Fix: Use interface instead — interfaces are cached by name and compared faster:
type User = { id: string; name: string; ... };
interface User { id: string; name: string; ... }
6. Mapped types over large key sets
Symptom: Slow check events involving { [K in keyof LargeType]: ... }.
Fix: Use Pick<T, RelevantKeys> to reduce the mapped surface:
type Partial<T> = { [K in keyof T]?: T[K] };
type RelevantPartial = Partial<Pick<LargeType, 'key1' | 'key2' | 'key3'>>;
7. Duplicate node_modules packages
Symptom: duplicatePackages array is non-empty in analyzer output.
Fix: Run npm dedupe or fix version conflicts.
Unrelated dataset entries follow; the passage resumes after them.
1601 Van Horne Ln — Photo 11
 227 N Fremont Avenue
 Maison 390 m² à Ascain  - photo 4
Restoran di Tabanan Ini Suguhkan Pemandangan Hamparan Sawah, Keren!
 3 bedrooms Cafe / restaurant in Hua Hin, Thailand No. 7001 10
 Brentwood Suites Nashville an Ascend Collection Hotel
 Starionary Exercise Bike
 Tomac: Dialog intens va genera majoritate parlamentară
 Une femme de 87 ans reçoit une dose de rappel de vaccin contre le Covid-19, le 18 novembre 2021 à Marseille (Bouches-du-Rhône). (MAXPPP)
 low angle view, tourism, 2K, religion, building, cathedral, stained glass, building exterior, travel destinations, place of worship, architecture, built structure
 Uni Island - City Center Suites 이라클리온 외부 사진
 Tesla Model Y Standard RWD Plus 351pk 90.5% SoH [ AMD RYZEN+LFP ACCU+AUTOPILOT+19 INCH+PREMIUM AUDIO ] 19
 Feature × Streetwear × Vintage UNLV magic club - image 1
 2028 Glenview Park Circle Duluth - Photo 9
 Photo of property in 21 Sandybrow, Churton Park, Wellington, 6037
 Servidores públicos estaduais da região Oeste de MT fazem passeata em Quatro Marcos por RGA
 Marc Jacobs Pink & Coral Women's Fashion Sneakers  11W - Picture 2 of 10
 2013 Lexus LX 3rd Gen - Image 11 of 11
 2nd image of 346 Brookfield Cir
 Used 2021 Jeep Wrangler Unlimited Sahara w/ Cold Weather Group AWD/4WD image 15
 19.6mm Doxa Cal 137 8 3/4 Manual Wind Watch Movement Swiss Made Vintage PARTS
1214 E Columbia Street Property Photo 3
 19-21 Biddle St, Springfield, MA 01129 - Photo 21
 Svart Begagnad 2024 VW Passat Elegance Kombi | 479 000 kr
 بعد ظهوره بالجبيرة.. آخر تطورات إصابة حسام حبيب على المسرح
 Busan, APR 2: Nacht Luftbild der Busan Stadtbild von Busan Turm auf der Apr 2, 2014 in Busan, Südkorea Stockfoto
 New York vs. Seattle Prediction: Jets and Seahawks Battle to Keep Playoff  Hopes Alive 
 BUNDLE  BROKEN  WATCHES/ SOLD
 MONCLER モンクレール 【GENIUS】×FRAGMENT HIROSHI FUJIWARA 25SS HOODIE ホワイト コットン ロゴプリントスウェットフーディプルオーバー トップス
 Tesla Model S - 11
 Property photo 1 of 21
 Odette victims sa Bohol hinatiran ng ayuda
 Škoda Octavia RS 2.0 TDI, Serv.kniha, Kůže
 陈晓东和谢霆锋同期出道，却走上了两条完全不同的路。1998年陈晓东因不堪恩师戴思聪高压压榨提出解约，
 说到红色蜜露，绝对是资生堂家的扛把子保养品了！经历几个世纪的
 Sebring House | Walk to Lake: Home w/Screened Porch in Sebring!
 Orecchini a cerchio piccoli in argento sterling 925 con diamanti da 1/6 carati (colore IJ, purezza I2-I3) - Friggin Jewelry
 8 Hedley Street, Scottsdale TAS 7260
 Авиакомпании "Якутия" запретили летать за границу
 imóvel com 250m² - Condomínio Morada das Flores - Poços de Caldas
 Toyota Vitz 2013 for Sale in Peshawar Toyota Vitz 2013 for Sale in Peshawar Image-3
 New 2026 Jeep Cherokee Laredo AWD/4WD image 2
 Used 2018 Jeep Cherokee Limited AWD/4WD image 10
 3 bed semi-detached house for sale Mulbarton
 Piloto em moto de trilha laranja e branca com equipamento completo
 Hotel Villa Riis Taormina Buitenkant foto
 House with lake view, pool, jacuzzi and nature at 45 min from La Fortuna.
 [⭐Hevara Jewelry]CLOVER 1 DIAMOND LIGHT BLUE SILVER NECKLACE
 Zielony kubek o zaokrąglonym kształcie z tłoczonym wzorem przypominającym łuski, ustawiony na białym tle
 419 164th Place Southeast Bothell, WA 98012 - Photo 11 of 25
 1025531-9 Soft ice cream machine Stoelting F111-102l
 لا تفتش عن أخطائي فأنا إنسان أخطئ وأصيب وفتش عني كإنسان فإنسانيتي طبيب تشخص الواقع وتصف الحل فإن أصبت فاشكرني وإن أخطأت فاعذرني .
Multiple copies of the same package means TypeScript checks types from each copy separately.
8. Large projects without project references
Symptom: High overall checkMs across many files (>500 files, >10s check time).
Fix: Split into project references with composite: true for incremental checking:
{
"references": [
{ "path": "./packages/core" },
{ "path": "./packages/ui" }
]
}
9. Checking declaration files from node_modules
Symptom: Files in node_modules appear in hotspotsByFile.
Fix: Enable "skipLibCheck": true in tsconfig.json to skip checking .d.ts files.
10. Barrel file re-exports
Symptom: index.ts barrel files appear in hotspots with high check times.
Fix: Replace barrel re-exports with direct imports:
import { Button } from '@/components';
import { Button } from '@/components/Button';
11. The work doesn't belong in the type system at all
Symptom: A single hotspot is driven by a clever-but-exotic type — deeply recursive template literal types, brand-checks like IsUpperSnakeCase<S>, arithmetic-on-types, parsers encoded as conditional types, etc. These often show up as extremely long structuredTypeRelatedTo / instantiateType chains on tiny amounts of source code.
Fix: Be honest with the user: TypeScript can express these checks, but it's not the right tool for them. Recommend moving the constraint to a more appropriate layer and keeping the TypeScript side simple (string, number, a plain interface, etc.). Typical alternatives:
- A lint rule (ESLint custom rule, Biome) for format/shape constraints on string literals, naming conventions, file layouts, etc.
- Runtime validation (Zod, Valibot, ArkType,
io-ts) for data coming from outside the program — these give you runtime guarantees AND a derived TS type for free.
- Code generation (e.g. generating types from an OpenAPI schema, SQL schema, protobuf) instead of deriving them from types at compile time.
- A unit test for invariants that only need to hold for a small, known set of values.
Example — validating UPPER_SNAKE_CASE identifiers:
type IsUpperSnake<S extends string> = S extends `${infer C}${infer Rest}`
? C extends Uppercase<C> & ('A'|'B'|'C'||'Z'|'_'|'0'||'9')
? IsUpperSnake<Rest>
: false
: true;
function defineEvent<N extends string>(name: N & (IsUpperSnake<N> extends true ? N : never)) { }
function defineEvent(name: string) { }
Only suggest this when the hotspot clearly comes from a type-level trick rather than from ordinary application code. Don't recommend ripping out types that are doing useful, idiomatic work.